Miners v. Ausfresser

101 Misc. 394 | N.Y. App. Term. | 1917

Bijur, J.

This action is based on negligence. Plaintiff testified, in substance, that while passing along the sidewalk in front of defendants’ premises, she “ step*395ped on something and then fell into the coal-hole, and that when she looked the cover was about two feet away.

I think that the testimony, while not very clear, was sufficient to indicate that the cover was on the hole when plaintiff stepped on it and that it sprang or was shoved off as a result of her stepping thereon. At all events, were the question important whether the cover was actually on the hole or two feet away when the plaintiff fell into the hole, it should have been submitted to the jury for determination. I do not think, however, that the difference is of any legal significance. It seems to me that the doctrine of res ipsa loquitur applies. The cover of the coal-hole is an instrumentality entirely within the control of the defendants both as to its construction and maintenance.
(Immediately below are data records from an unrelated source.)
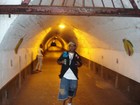 Picture for song 'look for' by artist 'mallus'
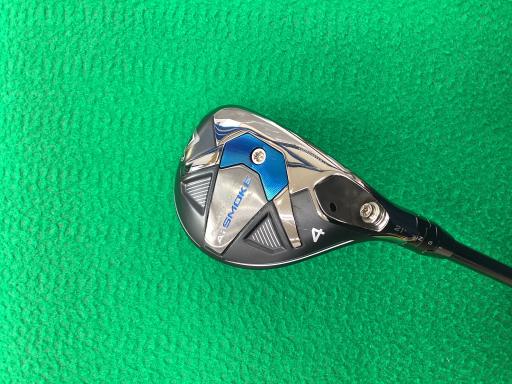 o`q`cxl@`@rlnjd@gk@tS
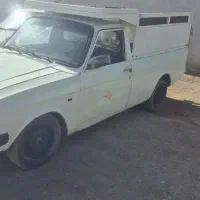 وانت|خودرو سواری و وانت|خواف, |دیوار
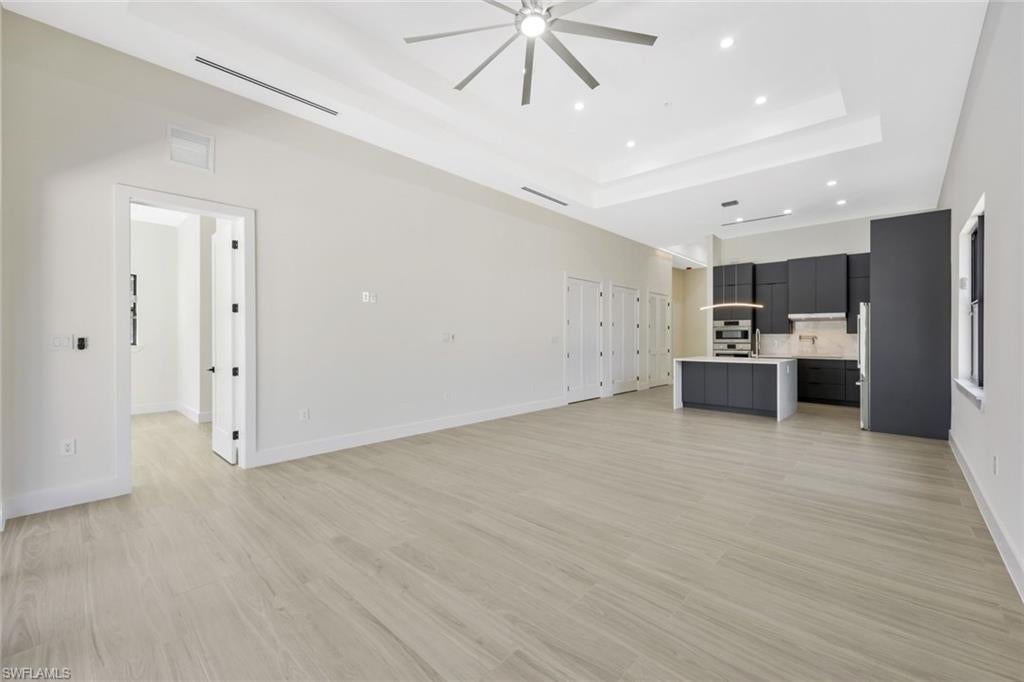1297 Trail Terrace Dr, Naples, FL 34103 photo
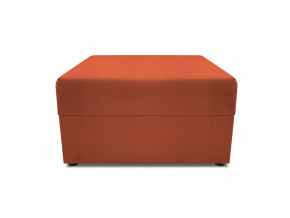 Пуф Бергамо Dream Orange кат. 3 в Кургане - kurgan.mebel-tymen.ru | фото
If properly constructed and maintained it should be safe. Under these circumstances, on familiar principles, if the cover is not securely fastened or is actually off, these circumstances alone are sufficient to impute negligence to the defendants to the extent at least of calling upon them in the first instance for an explanation. That indeed was actually held in Kuechenmeister v. Brown, 1 App. Div. 56. There plaintiff testified that she stepped upon the cover of a coal-hole, “ it flew away, and she fell down into the hole as far as her knees; * * * that the cover was lying by the hole and the hole was all open. ’ ’

Although respondents seek to distinguish that case on the point that in the statement of facts it is said that the action “ was sought to be maintained upon two grounds, the maintenance of a nuisance and negligence ”—it is evident beyond a doubt'from the opinion of Williams, J., that nothing was considered but the question of negligence. The court said: “It is evident that no accident would have occurred in the *396absence of negligence in keeping the cover properly secured, No one would have fallen into the hole so long as the cover was kept in its place by the appliances provided for that purpose. The case may, therefore, be treated purely as one of negligence, and in this view the question of defendant’s negligence was clearly for the jury. If the cover was unsecured and out of its place and the plaintiff fell into the hole, as she testified she did, then certainly the defendant may be charged with negligence. ’ ’ See, also, Scott v. Curtis, 195 N. Y. 424. Even assraning that in the case at bar the evidence was insufficient to entitle the jury to find that the cover was on the hole when the plaintiff stepped on it, I am unable to distinguish between the prima facie inference of negligence that may be drawn in a case where the cover is on and one where it is off. In both it is equally evident that if the cover and the appliances to secure it were in order and properly secured the accident could not have happened. Moreover, the case is clearly to be distinguished from those in which the character of the accident and the circumstances attending it point as much to its being the result of interference by an outside force or of a third person as of the negligence' of the defendant. See, for example, Babbage v. Powers, 130 N. Y. 281, in which the accident occurred because of a broken flagstone. Of this it is said in the statement of the case, at page 283: “It did not appear when or how it was broken, nor whether it was defective in any respect, nor was the cause of the accident shown, except as thus stated.” It should be further noted that in" the Babbage case the chief ground of contention was that the defendant was a “ trespasser ” on a public street by maintaining an authorized vault.

^Respondents rely largely upon Brady v. Shepard, 42 App. Div. 24, and Ornstein v. Unterman, 159 N. Y. *397Supp. 636, decided in this court. We discussed the latter case solely from the standpoint of nuisance upon which the action was predicated. Moreover in that and the Brady case a full trial was had, plaintiff undertaking to prove the negligence of the defendant without any appeal to the doctrine of res ipsa loquitur. That subject was never suggested and never received any consideration. Indeed, it is clear that there is no room for the discussion or application of the doctrine of presumed negligence in a case where all the facts have been voluntarily disclosed by both sides.

Another case cited by respondents is Maldosky v. Germania Bank, 127 N. Y. Supp. 292, in which it was shown that the cover of the coal-hole had been broken by a third person a few minutes before the accident, and the court held accordingly that the intervening time was insufficient to afford the defendant an opportunity to learn of it or to impose upon him the obligation to repair it. The case has no relation to the issues in the present case which involves not the question of what evidence may be sufficient when offered on the part of the defendant to discharge him from his prima facie obligation, but what evidence on behalf of the plaintiff may be sufficient to raise the implication of negligence in the first instance.

A somewhat similar case cited by respondents .(Martin v. Pettit, 117 N. Y. 118) is similarly without application.

The judgment should, in my opinion, be reversed and a new trial granted, with costs to appellant to abide the event.

Phiebin and Ordway, JJ., concur.

Judgment reversed and new trial granted, with costs to appellant to abide event.